Парень стоит у того ряда, где она сидела, и смотрит прямо на нее.
– Да! – вскрикивает Кала, сообразив, что он обращался именно к ней.
Парень поднимает руку и выхватывает из багажного отсека ее сумку. Именно ее сумку!
«Это не совпадение. Он следил за мной».
Почему и зачем – она разберется позже.
Она возвращается в хвостовой отсек. Две тележки выскочили из своих боксов и блокируют запасный выход. Повсюду подносы, чашки и графины. Взорвавшиеся банки колы и спрайта шипят на полу. Переступив через поднос с маленькими бутылочками алкоголя, Кала подходит к двери правого борта и тянет большие, покрытые предупреждениями, рукоятки. Дверь открывается, надувается спасательный плот. Снаружи светло и спокойно. Водная гладь впереди кажется бесконечной. «Нашу планету надо было назвать Океаном, а не Землей», – думает Кала.

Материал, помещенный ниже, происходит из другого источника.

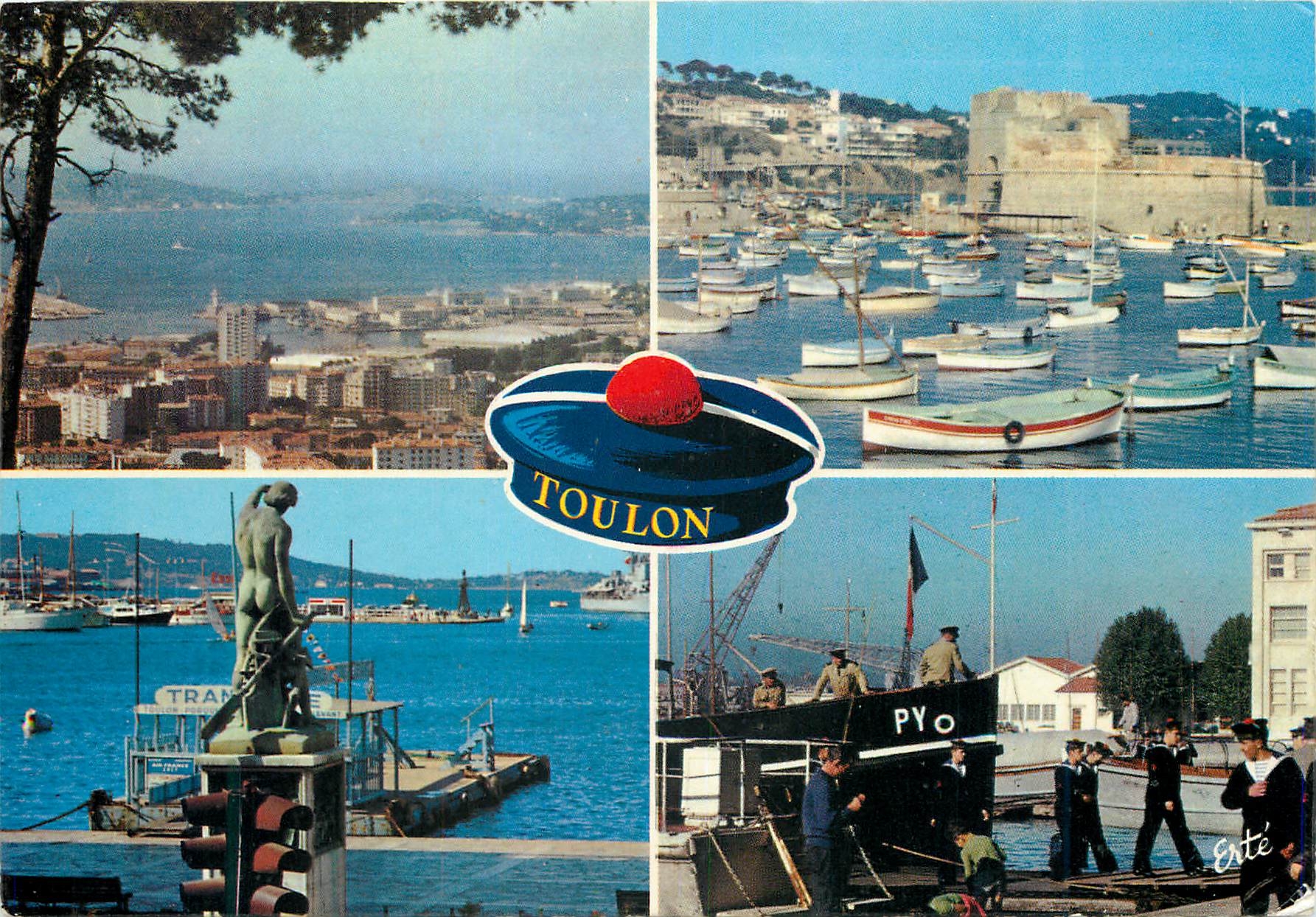 CPM Reflets de France Cote d Azur Toulon Grande cite maritime animee par les sympathiques Pompons Rouges Bateaux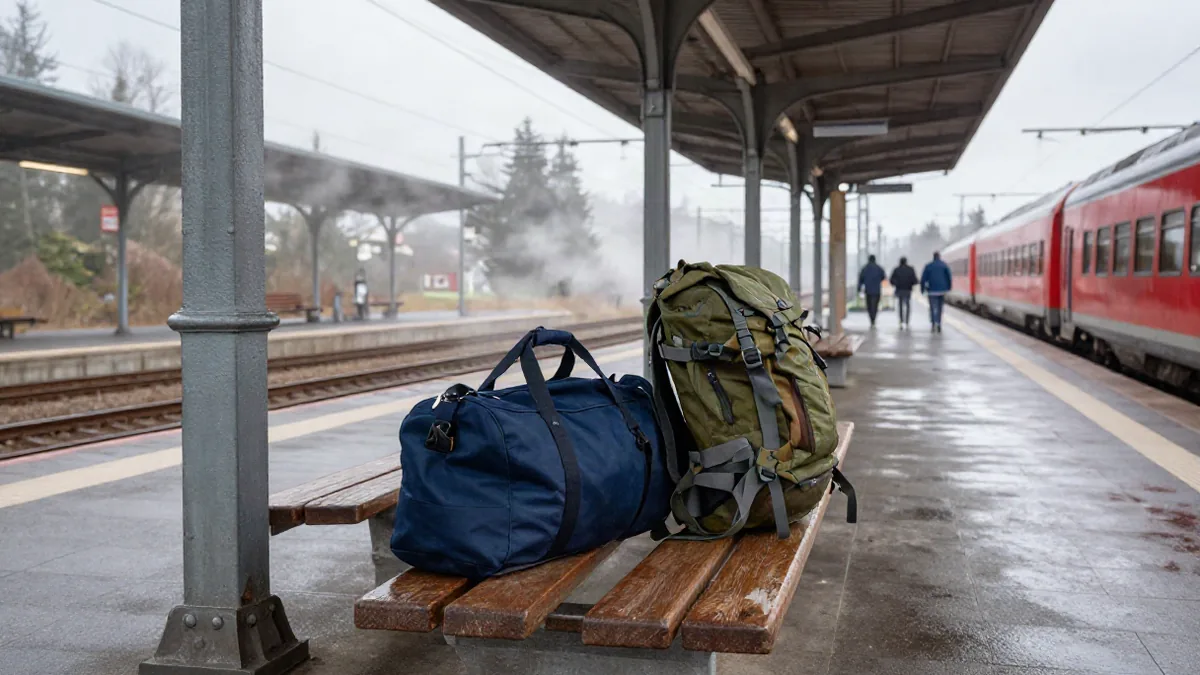 Gepäckstücke auf einem Bahnsteig vor abfahrendem Zug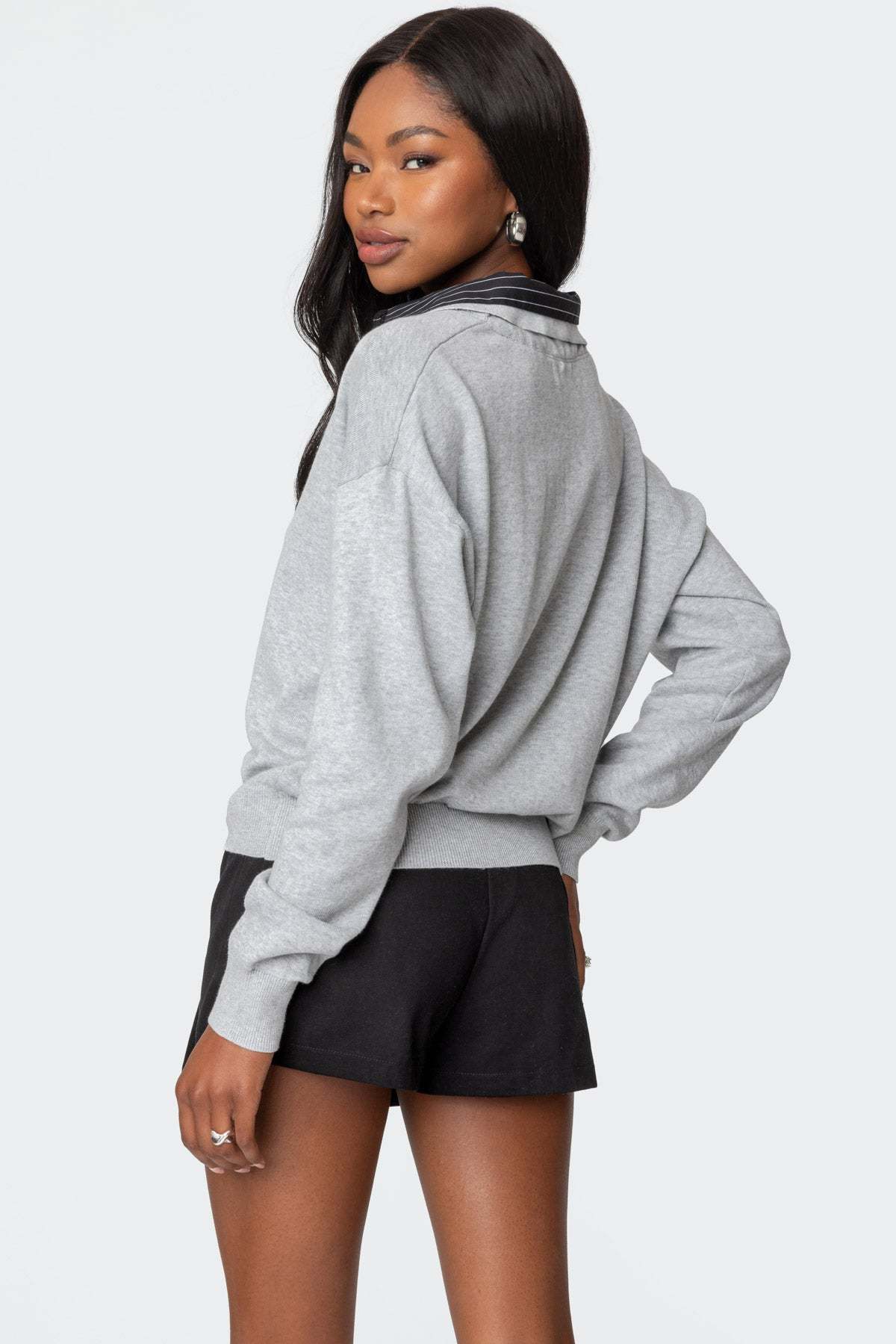 Rue Double Collared Sweater - GRAY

Волны уже переплескиваются через порог дверного прохода, и Кала понимает, что самолет уйдет под воду совсем скоро.
– Готова? – спрашивает парень. Его голос дрожит.
А Кала про него уже и забыла.
Она поворачивается, чтобы ответить, но слова не идут. Парень силен, высок, атлетично сложен. Его левая рука кровоточит. Над правым глазом расплывается синяк.
– Да, – говорит Кала.
Она ставит ногу на плот и в этот момент до нее доносятся новые звуки. Маленькая девочка по-арабски умоляет свою маму не дать ей умереть. Мать, стараясь, чтобы голос звучал сильно и уверенно, убеждает дочку, что все будет хорошо. Парень поднимает палец и оборачивается, как будто понимает, о чем они говорят. Мать с дочерью стоят в заднем ряду. Парень пробирается сквозь темную воду; вода уже доходит ему до щиколоток и быстро прибывает. Он подходит к матери с дочерью; те, на первый взгляд, целы и невредимы, будто их защитил сам Бог. Будто для них и не было никакого крушения. Парень хватает мать за руку.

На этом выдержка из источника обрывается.